Il convitato di pietra della recente assemblea della PdL in realtà era la Lega
 Nord, quel Bossi che non era presente, e su cui si polarizzerà il vero scontro nei prossimi mesi, quando le riforme in senso federali, quelle attese dalla Lega, cominceranno a mordere le fodere delle sedie dei protagonisti al governo. Quello sarà il momento della verità, e dal momento che non si farà nulla, Bossi avrà una seconda chance per ritornarsene a casa con propositi di secessione.
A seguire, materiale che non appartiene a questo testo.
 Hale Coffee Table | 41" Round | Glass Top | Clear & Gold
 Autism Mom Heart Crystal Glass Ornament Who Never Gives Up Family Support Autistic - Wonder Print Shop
Stiamo a vedere, intanto quasi tre quarti di legislatura utile stanno passando, e nessuno può credere a una riforma federale varata a pochi mesi dalle nuove elezioni, nella speranza di ritornare vincitori. A conti fatti, con i tempi previsti, la riforma federalista fissata tra le pieghe del programma della PdL, è destinata a rimanere sulla carta, su questo non ci sono dubbi. Bossi lo sa, e cosa dirà al suo popolo, come lo chiama? Che anche questa volta dovete avere pazienza? Otto anni di governo, senza portare a casa nulla? D'altra parte, nonstante i successi elettorali, la Lega raggiunge appena il 9% dei voti: troppo poco. Alle prossime elezioni vada da sola, e si ponga come elemento polarizzante contro le due muraglie di cartone in via di sfascio, PdL e DS, e punti a raggiungere in quelle tre regioni del Nord, un consenso plebiscitario, l'unico che può volgere a suo favore verso il federalismo almeno fiscale. In mancanza, come primo partito in quelle tre regioni, tutto sarebbe inutile.